After a long weekend of late nights, early mornings, and two time-zone switches, I think I've managed to reset my internal clock, though it did require sleeping through the alarm. Now I'm groggily peering though the downstairs windows . . . thinking mostly about coffee but also a little about George Eliot's The Mill on the Floss, which I'm rereading because the volume was the perfect size to bring on an airplane and also because I adore it, though lately I've given up rereading the ending because it upsets me too much.
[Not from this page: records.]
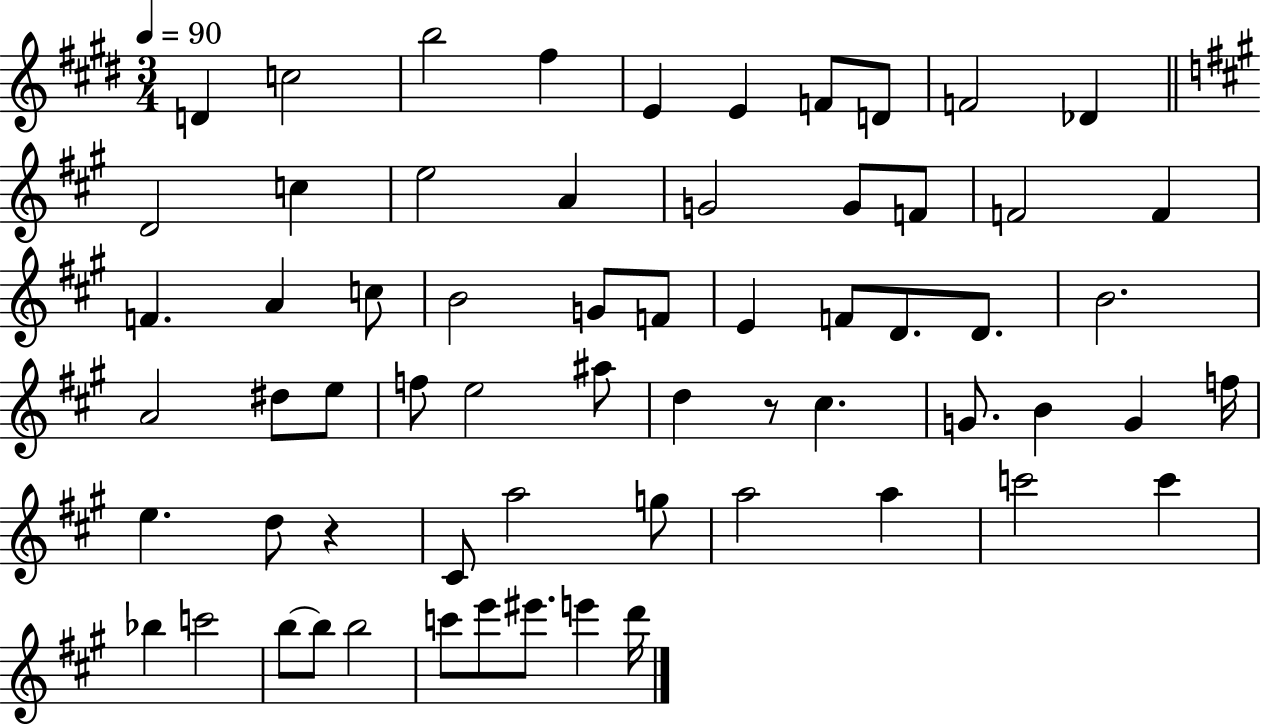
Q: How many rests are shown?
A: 2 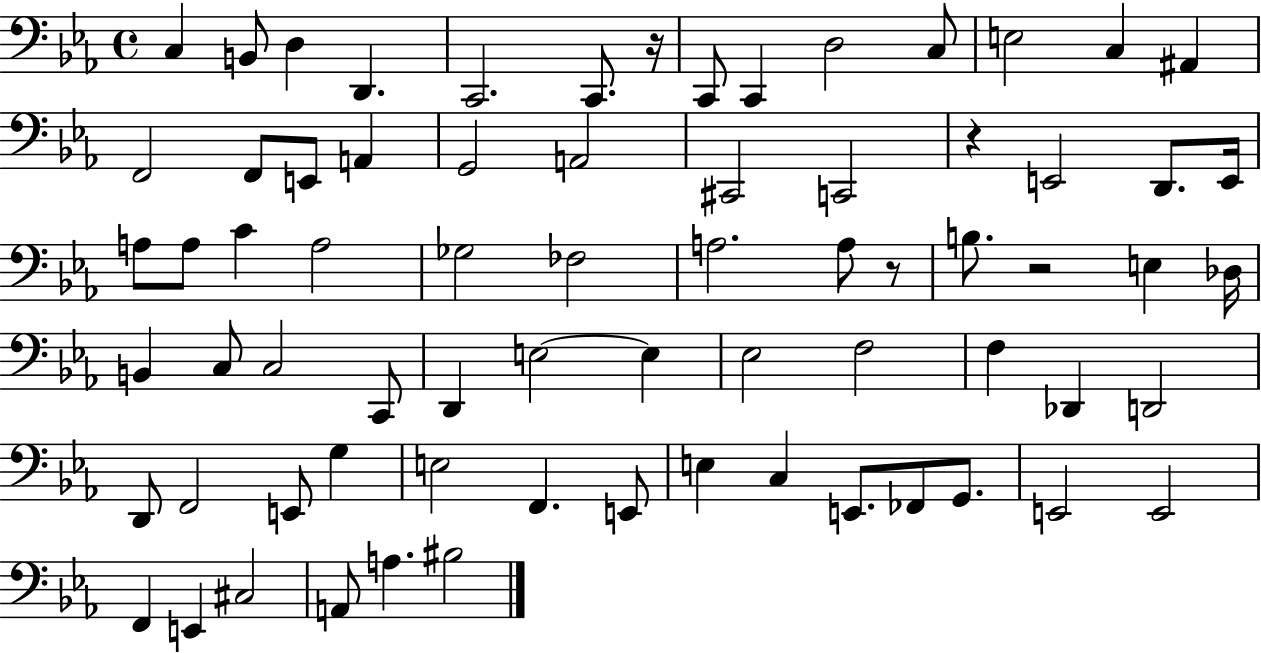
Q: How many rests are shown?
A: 4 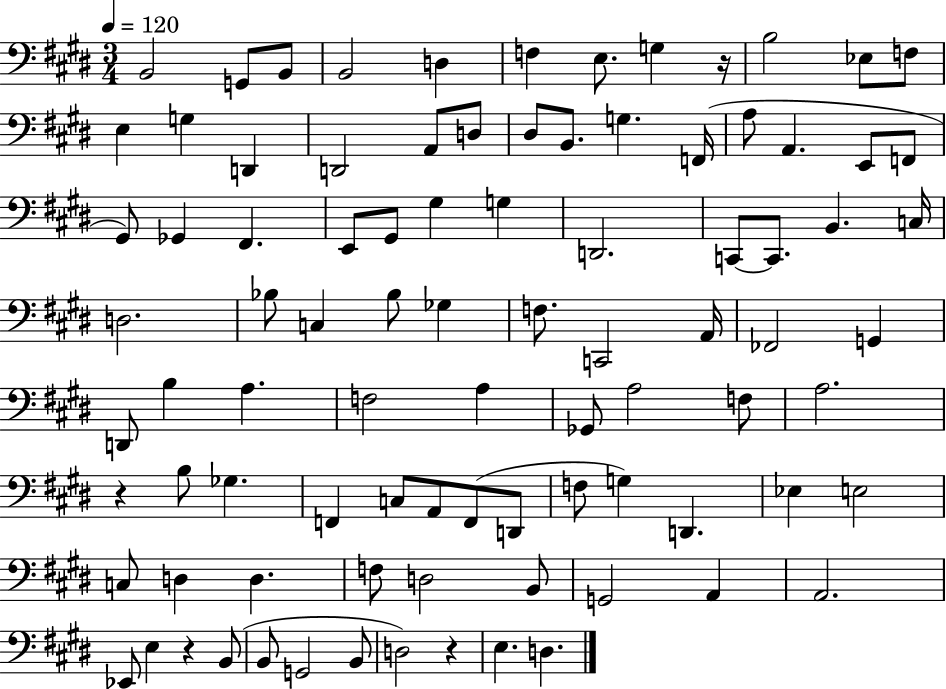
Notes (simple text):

B2/h G2/e B2/e B2/h D3/q F3/q E3/e. G3/q R/s B3/h Eb3/e F3/e E3/q G3/q D2/q D2/h A2/e D3/e D#3/e B2/e. G3/q. F2/s A3/e A2/q. E2/e F2/e G#2/e Gb2/q F#2/q. E2/e G#2/e G#3/q G3/q D2/h. C2/e C2/e. B2/q. C3/s D3/h. Bb3/e C3/q Bb3/e Gb3/q F3/e. C2/h A2/s FES2/h G2/q D2/e B3/q A3/q. F3/h A3/q Gb2/e A3/h F3/e A3/h. R/q B3/e Gb3/q. F2/q C3/e A2/e F2/e D2/e F3/e G3/q D2/q. Eb3/q E3/h C3/e D3/q D3/q. F3/e D3/h B2/e G2/h A2/q A2/h. Eb2/e E3/q R/q B2/e B2/e G2/h B2/e D3/h R/q E3/q. D3/q. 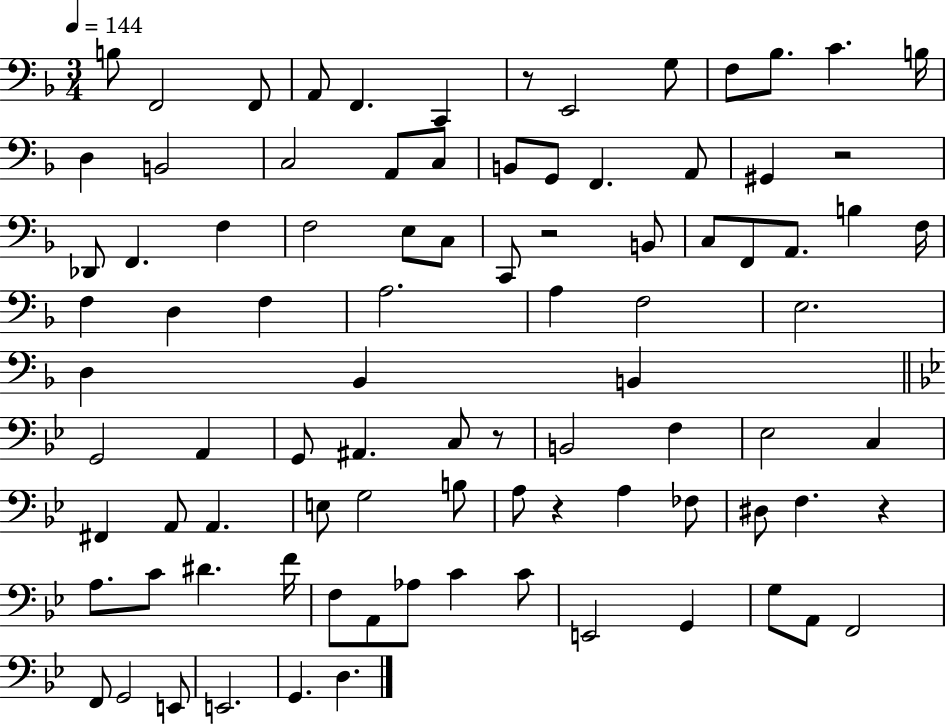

I'm back on the classwork train--online poetry class in full swing, Saturday's essay workshop to prep, next Friday's poetry workshop on the horizon--but I have a brief editing hiatus. Yesterday afternoon I went out into the barren muddy back yard and began to mark the borders of perimeter beds--using old bricks, broken limbs, rocks. The future beds are layered with last fall's leaves, and now I am beginning to sprinkle them with the compost I've been saving all winter. My plan is to sow shade wildflowers and plant some annual seedlings as I gradually build the beds into viable ground for perennials and shrubs. I can't do much more back there until Tom gets the deck built, but something is better than nothing. Meanwhile, scylla is budding in the front gardens, the first lily sprouts are up in the side garden, and I am getting excited about my second spring here. What I need to do today is buy squirrel-proof clothesline. No more clothes in the mud. I've had enough.
1 comment:
Mill On The Floss: according to the back cover of one edition, Proust said he could never read it without weeping.